从这个角度看,修正主义不是社会主义的“温和版本”,而是帝国主义攻破社会主义防线的“桥头堡”。它用一整套似是而非的词汇体系来掩盖阶级斗争的实质:将“人民群众”替换为“全体国民”,将“无产阶级专政”替换为“全民国家”,将“阶级斗争”替换为“社会协商”,将“革命目标”替换为“发展指标”。在这种话语替代的过程中,斗争性被去除了,政治性被中和了,革命的本质被阉割成一种国家管理技术——于是,社会主义就不再是对资本主义的替代,而成了资本主义体系中的“特殊变种”。
回顾苏联在斯大林时期的政策体系,我们可以看到其同修正主义之间本质上的差别。斯大林体制虽然在历史中存在种种争议,但其始终坚持一个基本点:社会主义国家不能中立于阶级斗争之外,而应在国内继续深化改造残存的资产阶级势力,在国际上支持殖民地民族解放运动,反对帝国主义侵略与干涉。
这是一种“进攻型社会主义”战略,绝不能放弃斗争的位置与姿态。这正是为什么,即便在二战后资本主义国家技术领先、物质丰富、传媒发达的情况下,社会主义阵营仍能吸引一大批国家与人民群众的向往与支持。
而到了修正主义主导时期,革命的旗帜被悄然收起,国家的功能从“激发群众斗志”变成了“维持社会秩序”,从“支援国际革命”变成了“追求全球合作”。这种战略调整,虽然看似务实,实则丧失了社会主义制度的核心张力——它不再向旧世界提出挑战,也就无法开辟出真正的新世界。
于是,帝国主义无需发动战争,只需围绕“现代化”“体制改革”“市场化”“全球接轨”等术语展开叙事诱导,修正主义就会主动配合,逐步解除社会主义原有的政治武装。在这种情况下,即使还保有“社会主义”的宪法条文,保有计划体制的一些名义框架,但社会运作的实质逻辑已经悄然转向,主导力量也发生了结构性变化,最终酿成苏联那样的剧变结局,几乎是不可避免的。
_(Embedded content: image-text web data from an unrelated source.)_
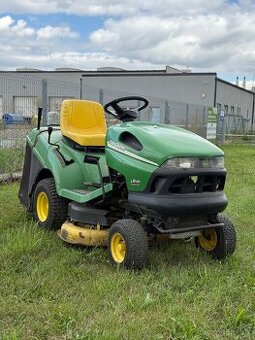 Zahradní traktor John Deere LR135 automatic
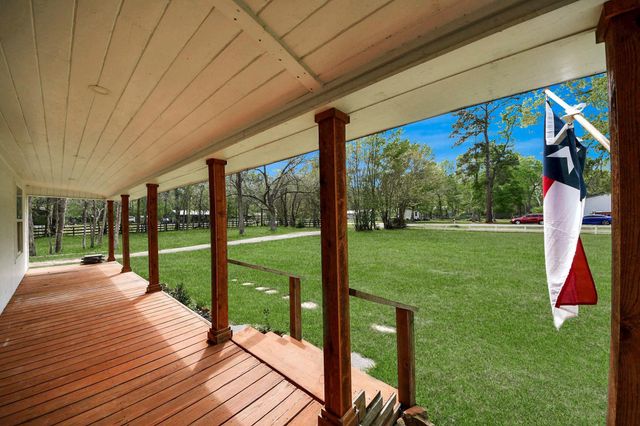 526 County Road 4321, Dayton, TX 77535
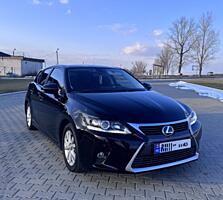 Продам Lexus CT200h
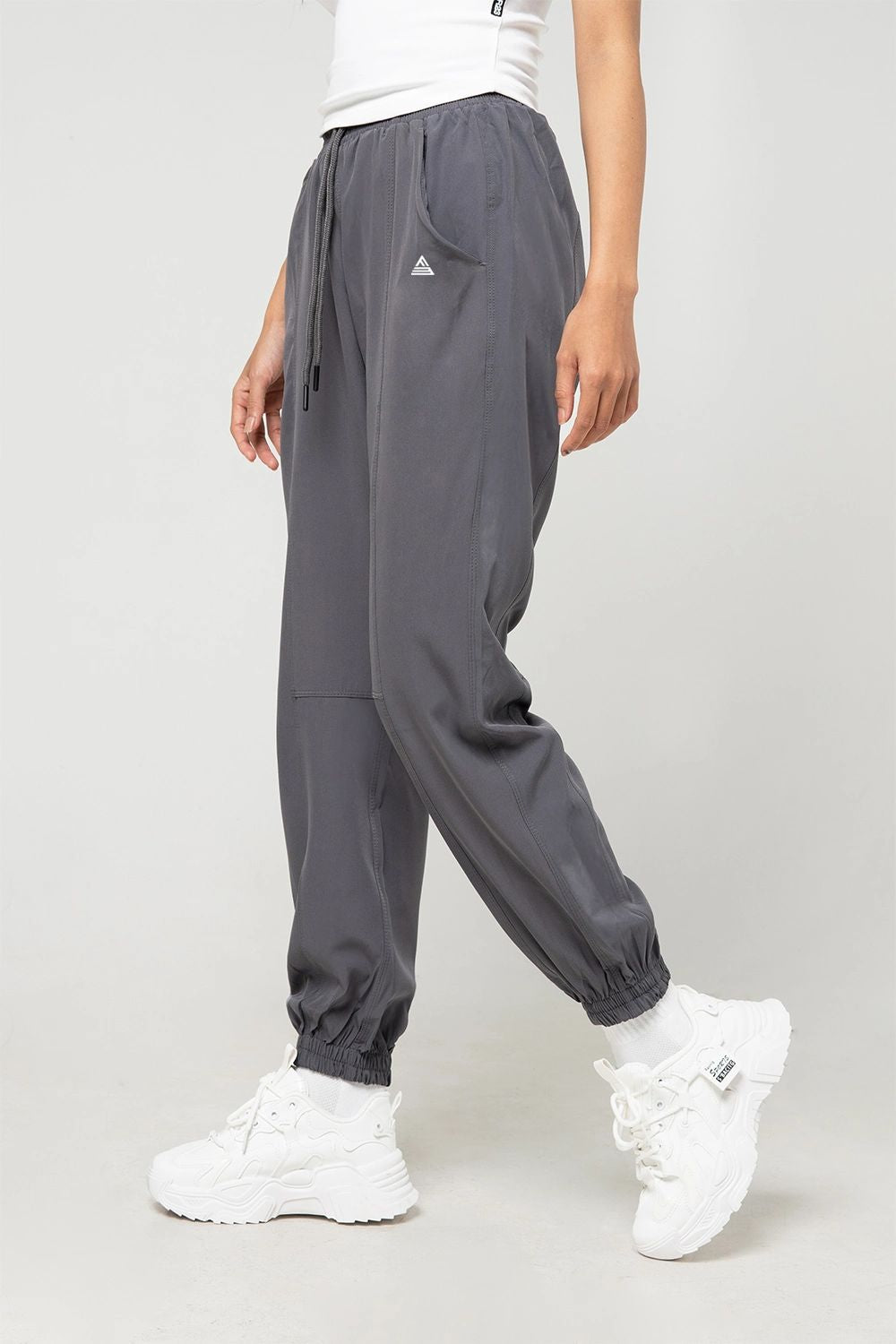 Quần jogger thể thao nữ logo in - Xám Đen - Fitme Sportswear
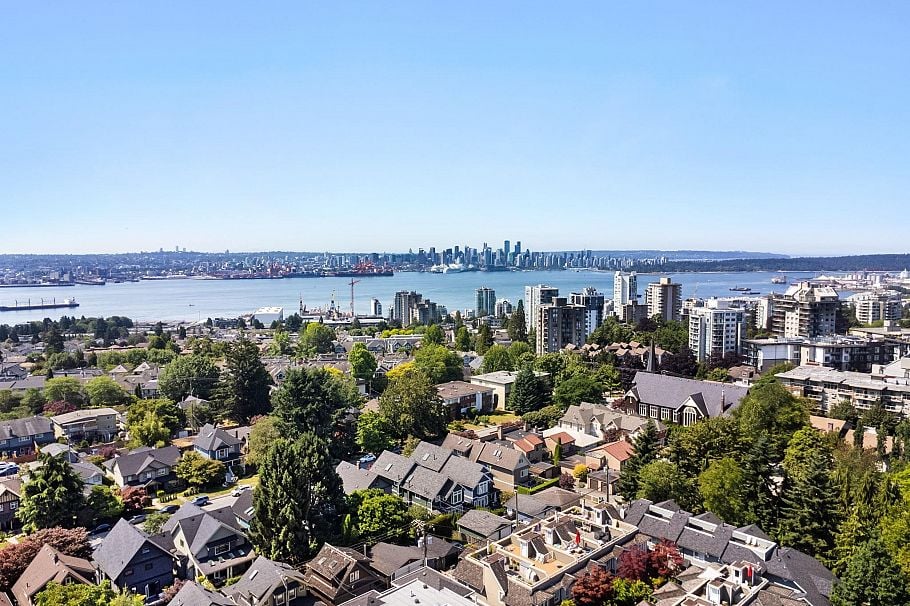 1121 St. Andrews Avenue North Vancouver, BC - 38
这种历史经验并不只是属于过去,它其实还在提示着当下的我们。帝国主义从未真正退出世界历史舞台,它的结构性矛盾与扩张需求仍然决定着它必然会继续以各种形式进行干涉、围堵与渗透。
历史从不以重复的形式回归,但它以变形的方式不断提出相似的考题。苏联的经验与教训,正是社会主义与修正主义、帝国主义之间复杂攻防博弈的一面镜子,照见了制度成败的深层逻辑。而是否能够从这段历史中汲取清醒的认识,避免重蹈覆辙,则是所有试图走社会主义道路的国家和人民无法回避的现实课题。